**WHAT IS BEING ASKED**:
Please transcribe exactly, and only, the lines of the data below between the line holding "17 Plaid Place Clifton Park, NY 12065" and the line holding "Hunter Women Glossy Dark Green Rain Boots 9", inclusive.

**DATA SHOWN**:
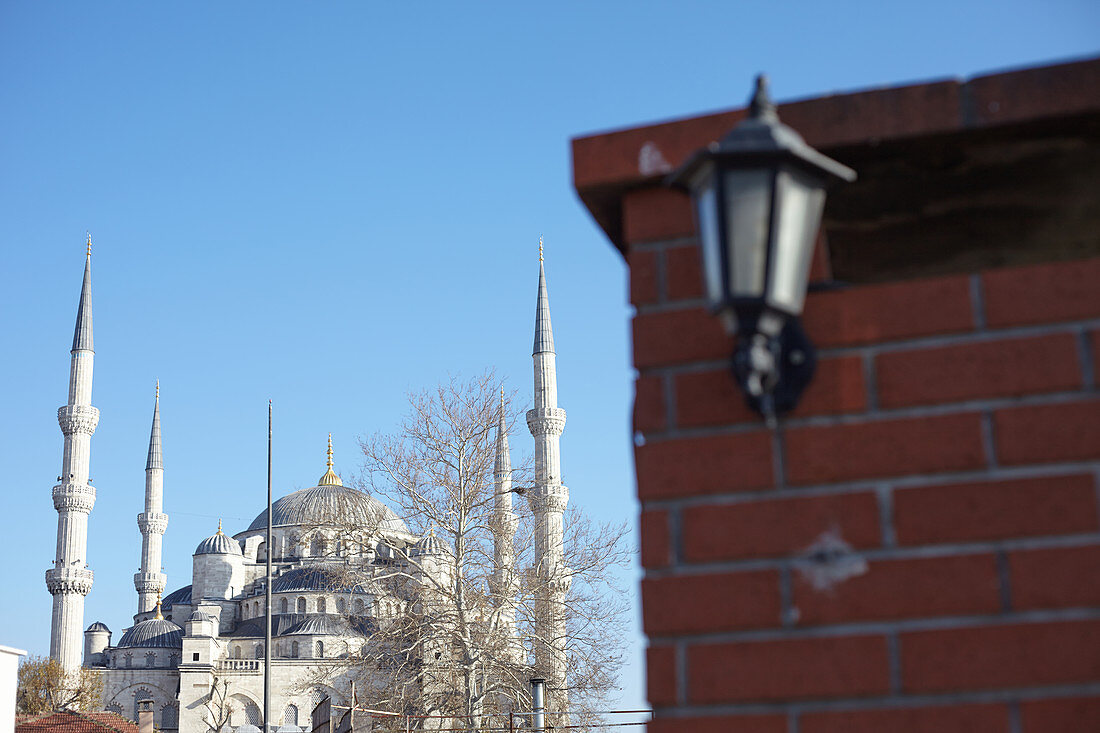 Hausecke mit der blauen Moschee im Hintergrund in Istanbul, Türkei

* * *

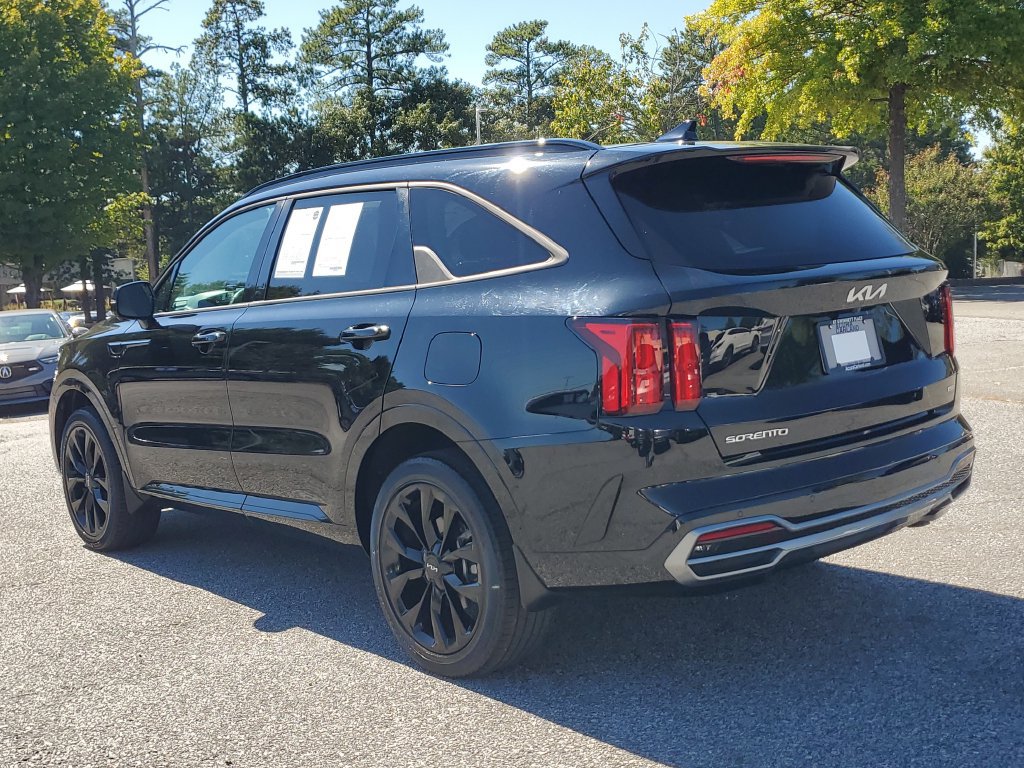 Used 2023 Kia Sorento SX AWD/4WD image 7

* * *

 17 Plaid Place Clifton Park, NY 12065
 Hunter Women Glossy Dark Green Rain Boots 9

**EXERCISE RESPONSE**:
 17 Plaid Place Clifton Park, NY 12065
 Hunter Women Glossy Dark Green Rain Boots 9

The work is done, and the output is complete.